A deep sense of shared identity between citizens of North and South Korea remains alive and well, and the potential for at least some reconciliation should be at the center of America’s diplomatic efforts, former top U.S. officials and regional experts said Tuesday.
Speaking at The Washington Brief, a monthly forum hosted by The Washington Times Foundation, analysts said that the Biden administration must consider issues beyond just Pyongyang’s nuclear-weapons program when crafting its broader North Korea policy.

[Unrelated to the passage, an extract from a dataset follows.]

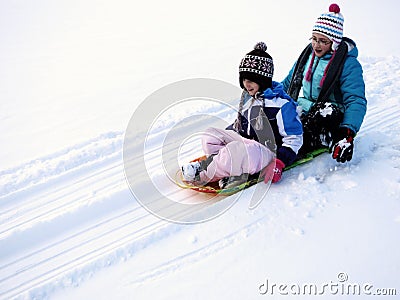 Kids Sledding Down Snow Hill on Sled Fast Speed Stock Photo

The U.S. and its allies, they said, must weigh how the reestablishment of economic and other ties between Seoul and Pyongyang could create a far less hostile environment on the Korean Peninsula.
“There is a Korean identity that is not totally dependent on what passport you carry. There’s a Korean pride, in a way, that transcends a more traditional nationalism,” said Kathleen Stephens, former U.S. ambassador to South Korea and now the president and CEO of the Korean Economic Institute of America. “Koreans have remained Korean … and I think that’s true in both North and South.”
“There has to be some kind of … reconciliation. And I think the United States, the international community, have a certain obligation as we think about the challenges of North Korea to also pay attention to that issue of reconciliation,” she said.
Indeed, while former President Donald Trump’s in-person meetings with North Korean leader Kim Jong-un in 2018 garnered the greatest share of media attention, that same year also saw multiple meetings between Mr. Kim and South Korean President Moon Jae-in. Those conversations sparked hope that a new era could be on the horizon, potentially including a formal treaty to end the Korean War or other steps.
“At least for a moment … there was a reminder that, ’We speak the same language and we do share something that Koreans don’t share with anybody else.’ And I think that’s very powerful,” Ms. Stephens said.
At the same time, there are apparent signs that the concept of reunification between North and South Korea is losing steam, at least among South Koreans. A recent poll conducted by the Seoul-based Institute for Peace and Unification Studies (IPUS) found that just 44% of South Koreans believe “reunification is necessary,” the lowest figure since the annual poll began in 2007.
Some South Korean specialists attributed the drop to disappointment following the 2018 diplomatic outreach by Mr. Trump and Mr. Moon. When Mr. Trump’s efforts failed to produce a denuclearization deal with Pyongyang, and relations between North and South Korea returned to a stalemate, a segment of the South Korean population may have given up hope for reunification.
“People’s expectations … were so high in 2018 that the disappointment that followed was huge — the negative aspects would have been strengthened from those disappointments,” Kim Bumsoo, head of the Center for Unification Studies at IPUS, told the website NKnews.com last month.
Inside North Korea, analysts said, there’s also deep skepticism of reunification, with the chief fear being that North Korean leadership would essentially lose all authority and power in a newly unified country with the more prosperous South.
Instead of pursuing that path, Mr. Kim instead seems to be seeking the benefits of closer ties with South Korea without any of the responsibilities or risks, according to Alexandre Mansourov, professor at Georgetown University’s Center for Security Studies.
Mr. Kim “does want to have a better relationship so that on the one hand, whatever government they have in the South will recognize the legitimacy of the North Korean rule,” he said at Tuesday’s event. Mr. Kim, he added, wants to see the two nations’ “economies get increasingly harmonized” so he can take advantage of South Korea’s successful economy for his own benefit.
Even if support for reunification has dropped, regional experts say the South Korean people still want to see action taken to help citizens across the heavily armed border.
“I do feel there’s a growing anxiety in [South Korea] about some of the economic problems in North Korea that could lead to mass starvation … and that’s where there is a certain Korean-ism,” said Christopher Hill, a former U.S. ambassador to South Korea who moderated Tuesday’s panel. “I don’t think Koreans in [South Korea] want to stand by and watch North Koreans starve.”